_Work instruction_
Write the listing out once more, identical to the original but without pictures.

*****

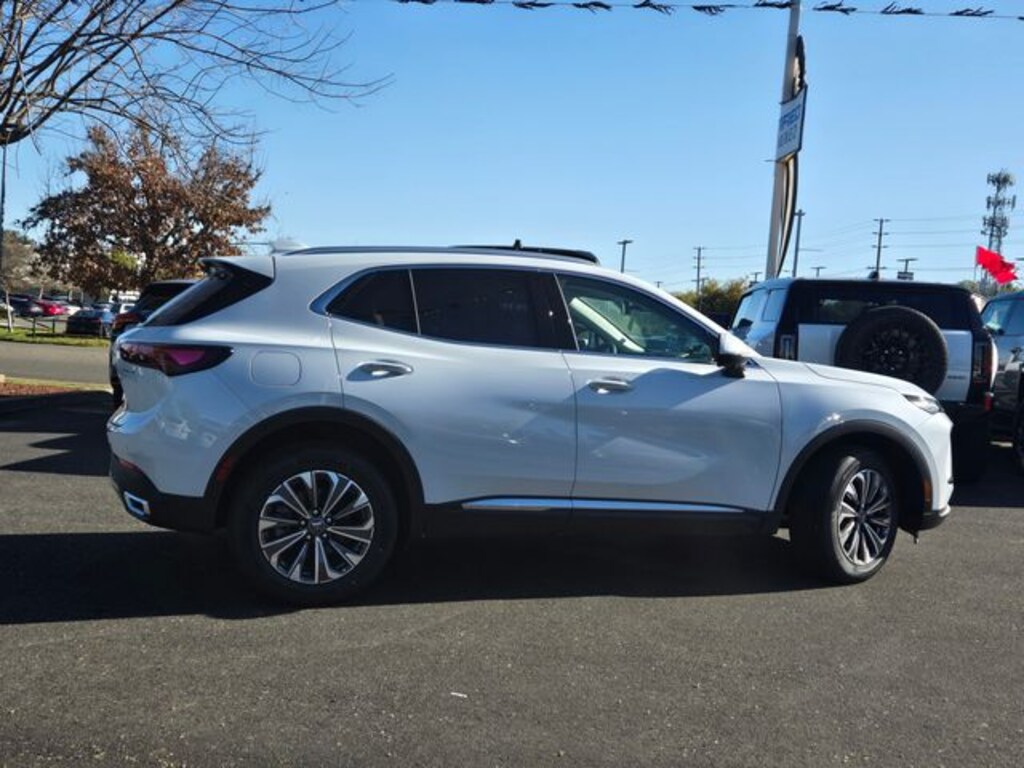 New 2026 Buick Envision Preferred SUV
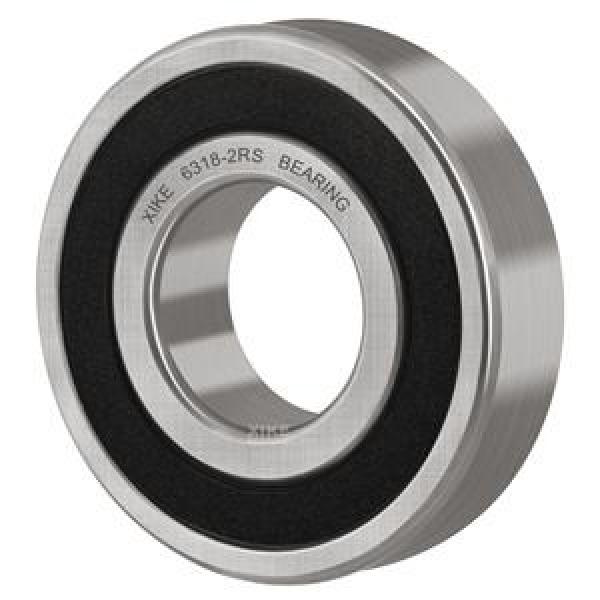 24134AXK30 NACHI (Grease) Lubrication Speed 1600 r/min 170x280x109mm  Cylindrical roller bearings #1 image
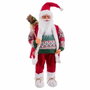 BigBuy Home Père Noël Rouge 47 x 30 x 122 cm
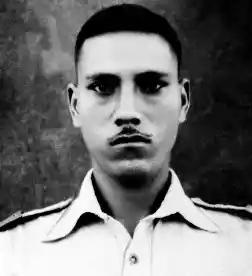 Havildar Abdul Hamid.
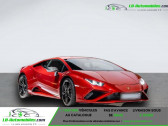 Lamborghini Huracan occasion année 2021 boite Automatique Annonce Lamborghini Huracan occasion Essence Evo 5.2 V10 610 RWD LDF7 à Beaupuy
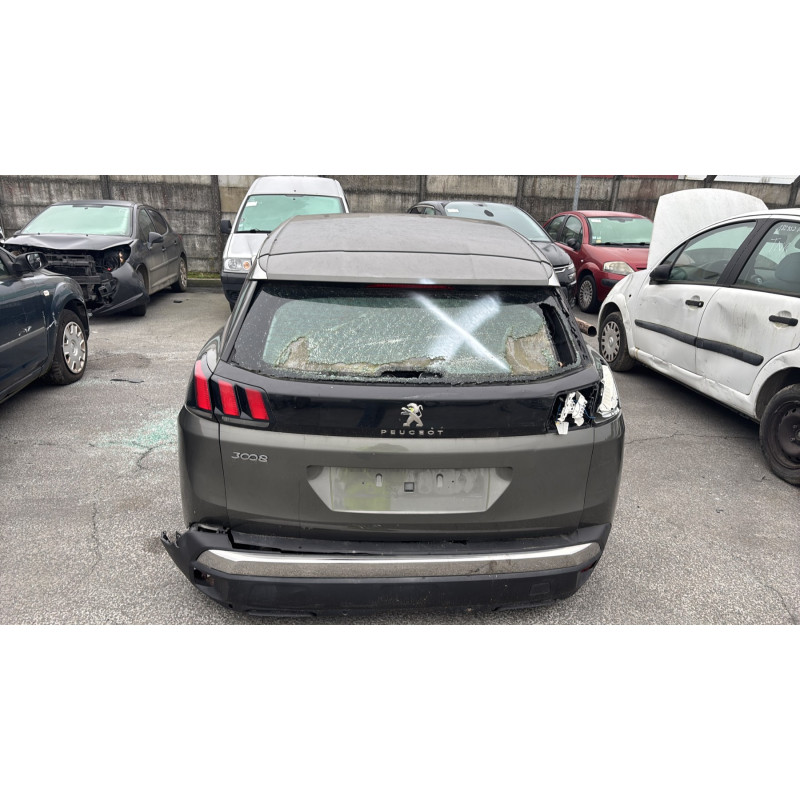 Leve vitre electrique arriere gauche PEUGEOT 3008 2 Photo n°10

*****

_Written answer_
 New 2026 Buick Envision Preferred SUV
 24134AXK30 NACHI (Grease) Lubrication Speed 1600 r/min 170x280x109mm  Cylindrical roller bearings #1 image
 BigBuy Home Père Noël Rouge 47 x 30 x 122 cm
 Havildar Abdul Hamid.
 Lamborghini Huracan occasion année 2021 boite Automatique Annonce Lamborghini Huracan occasion Essence Evo 5.2 V10 610 RWD LDF7 à Beaupuy
 Leve vitre electrique arriere gauche PEUGEOT 3008 2 Photo n°10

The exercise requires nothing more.